Non me la dimenticherò’ mai quell’ospite.

Aveva deciso di comprare una tinta per capelli (che a suo dire era stata spacciata per henne”dal venditore egiziano che gliel’aveva propinata e pertanto non avrebbe lasciato traccia di residui o macchie), e dopo essersi fatta un bell’impacco in testa, aveva avvolto la sua folta chioma in un turbante fatto di asciugamani del resort. Al motto di “il venditore egiziano non mi ha detto che poteva macchiare”, il giorno successivo me la ero ritrovata in assistenza, incazzata come una faina, perché non solo gli asciugamani erano rimasti macchiati, ma il resort aveva provveduto ad addebitare sul conto della camera il costo degli stessi che ormai erano da buttare. Costo dell’affronto, venticinque euro. 25 euro.

“Non è per i 25 euro, ma è il principio.”, continuava a ripetere la signora, il venditore egiziano avrebbe dovuto avvisarla, che lei non sapeva che la tinta macchiava.

Sotto il sole cocente, andai dal venditore egiziano, che mi aspettava nella tenda sulla sua collinetta, con il Corano fra le mani, e la pelle seccata dal sole. ” Scusami, non e’ per te, ma per favore puoi appendere questo cartello fuori dal tuo negozio?” gli chiesi, facendomi aiutare dal collega arabo. Sul cartello c’era scritto in italiano ed inglese che la tinta avrebbe potuto macchiare. Più lui sorrideva disponibile, più io mi sentivo cretina. Due persone che parlavano due lingue diverse, ma che in fondo la pensavano allo stesso modo. Ma non c’era modo di chiedere indietro i soldi al venditore, e neanche ci provai. 25 euro per lui erano tanti, mentre per gli stupidi, sono ben pochi. Altro che princìpi.

“Non è per i 25 euro, ma gli asciugamani sono rovinati, li dobbiamo buttare”, mia aveva detto il direttore.

Dopo un pomeriggio di tentativi falliti e sabbia nelle scarpe, dovetti tornare dalla signora.

“Signora, purtroppo non posso fare nulla per aiutarla, gli asciugamani restano sul suo conto da pagare.”

“E ma io non sapevo che la tinta macchiasse. Mi sto rovinando la vacanza, non faccio altro che pensare ai 25 euro. Ripeto che non è questione di soldi, ma è il principio, capisce?”
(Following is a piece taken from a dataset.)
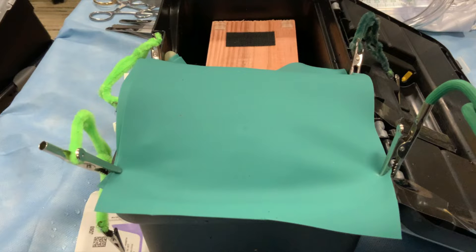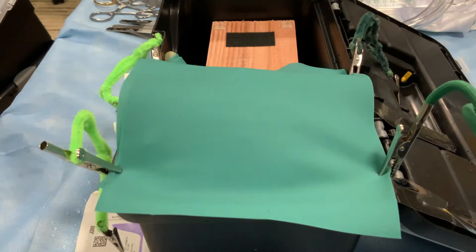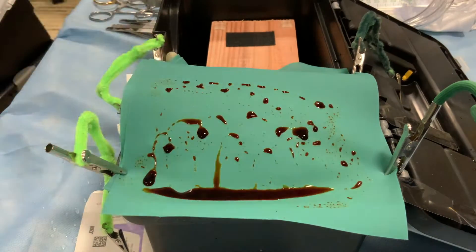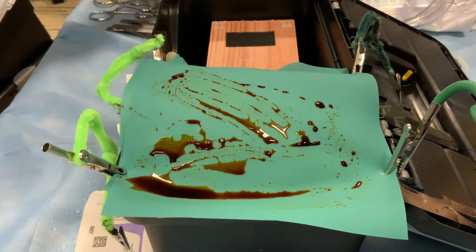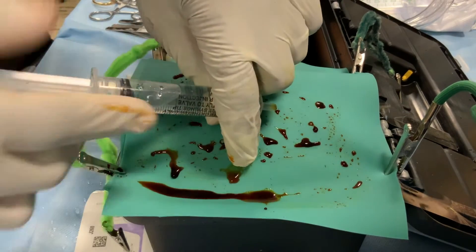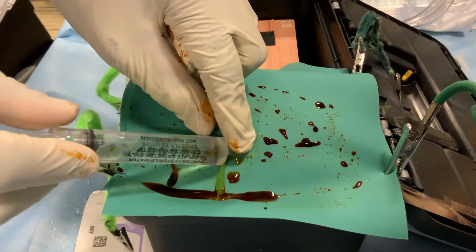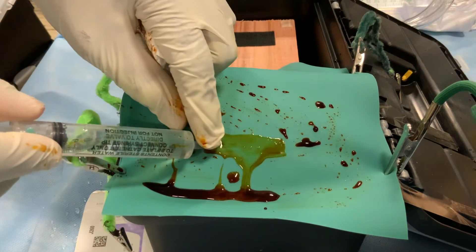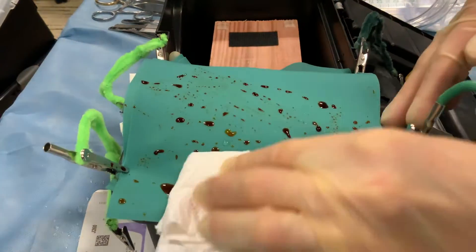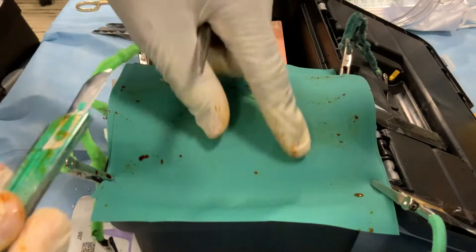Ultrasound can be used prior to incision to locate the bladder and ensure no bowel loops are between the bladder and skin, but may not always be feasible in low-resource settings. The lower abdominal area is cleaned thoroughly with iodine or another sterile surgical prep. Five milliliters of xylocaine or another local anesthetic is then injected approximately two finger breadths above the pubic symphysis, covering an approximately six centimeter wide transverse line.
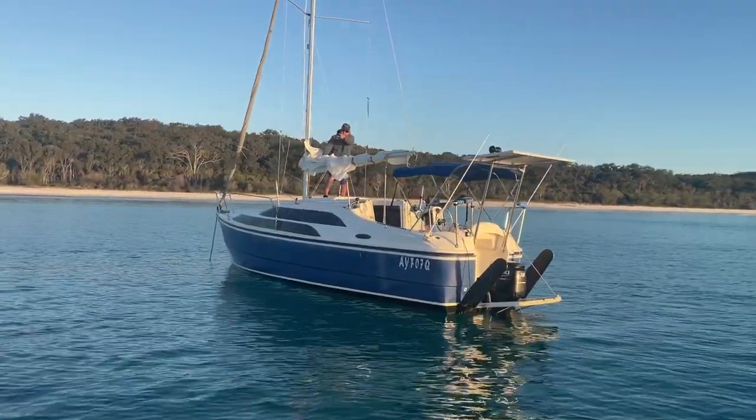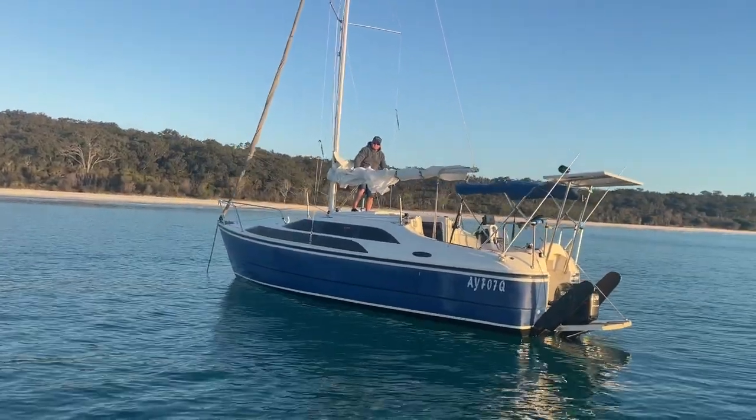Turn around and face that way, because you'll have your fenders on that side, not the white fenders on this side. I'll change the fenders around.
Da piccola mi chiamavano Mafalda.

Alla signora non potei mai rispondere. Le dissi che avevo fatto quello che avevo potuto. La osservavo mentre mangiava, e masticava, e pensava alle sue lenzuola, alla vacanza a suo dire rovinata, che volete che siano 25 euro. Avrà fatto una brutta scheda di gradimento, immagino, e se ne sarà tornata a casa con i capelli tinti e la bile gonfia.

A distanza di anni, ma di quale principio parlava, cara signora? Del principio per cui la tinta macchia? Nessuno glielo dice perché e’ una delle cose che ci vengono fornite nel pacchetto nascita: la tinta può macchiare, conosciamo a memoria il testo di “Fatti mandare dalla mamma” senza averlo mai sentito, mettiamo il mascara e non possiamo fare a meno di aprire la bocca, e così via.
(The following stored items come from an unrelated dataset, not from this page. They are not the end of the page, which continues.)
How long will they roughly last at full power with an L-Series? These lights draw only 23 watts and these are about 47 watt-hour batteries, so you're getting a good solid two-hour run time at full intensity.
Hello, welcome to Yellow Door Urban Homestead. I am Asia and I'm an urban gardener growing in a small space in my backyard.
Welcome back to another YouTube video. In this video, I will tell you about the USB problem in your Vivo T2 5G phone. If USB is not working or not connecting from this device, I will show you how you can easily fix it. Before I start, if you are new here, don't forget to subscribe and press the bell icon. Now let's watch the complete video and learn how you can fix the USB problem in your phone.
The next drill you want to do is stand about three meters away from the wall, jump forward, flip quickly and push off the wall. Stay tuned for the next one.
Di quale principio parlava, cara signora? Perché se è vero che i princìpi sono basati su concetti o affermazioni alla base di una dottrina, di una scienza o di una disciplina, è altrettanto vero che lo sono anche di un ragionamento, o di una convinzione.
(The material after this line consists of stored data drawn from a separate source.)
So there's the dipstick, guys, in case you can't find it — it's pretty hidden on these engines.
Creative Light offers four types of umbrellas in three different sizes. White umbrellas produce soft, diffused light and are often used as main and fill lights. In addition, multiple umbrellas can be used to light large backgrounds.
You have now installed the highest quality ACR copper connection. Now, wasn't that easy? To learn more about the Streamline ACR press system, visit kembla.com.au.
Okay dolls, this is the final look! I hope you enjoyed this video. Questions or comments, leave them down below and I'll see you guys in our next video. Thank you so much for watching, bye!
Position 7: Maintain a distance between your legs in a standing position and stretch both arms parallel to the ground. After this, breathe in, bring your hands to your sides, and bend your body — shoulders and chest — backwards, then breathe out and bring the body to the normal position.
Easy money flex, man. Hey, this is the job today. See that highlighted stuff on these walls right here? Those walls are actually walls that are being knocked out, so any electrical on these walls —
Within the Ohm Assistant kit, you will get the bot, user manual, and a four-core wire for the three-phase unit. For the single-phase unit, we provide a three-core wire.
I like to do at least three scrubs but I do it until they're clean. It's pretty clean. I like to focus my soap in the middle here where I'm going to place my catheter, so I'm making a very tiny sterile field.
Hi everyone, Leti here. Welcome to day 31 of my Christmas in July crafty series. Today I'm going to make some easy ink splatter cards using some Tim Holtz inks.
E mi permetta di dirLe ora, cara signora, che 25 euro non valgono un principio. Forse valgono un’opinione. Di una stupida. Ed anche quella purtroppo, la stupidità, viene fornita in dotazione nel pacchetto nascita, ma per fortuna non a tutti.

Un commento

  • Paola

    Grazie per questo testo. X quanto riguarda i 25 euro il tuo impegno per risolvere una situazione in modo positivo è lodevole. Per quanto riguarda la frase dei baci perugina penso che ognuno di noi valga in quanto persona.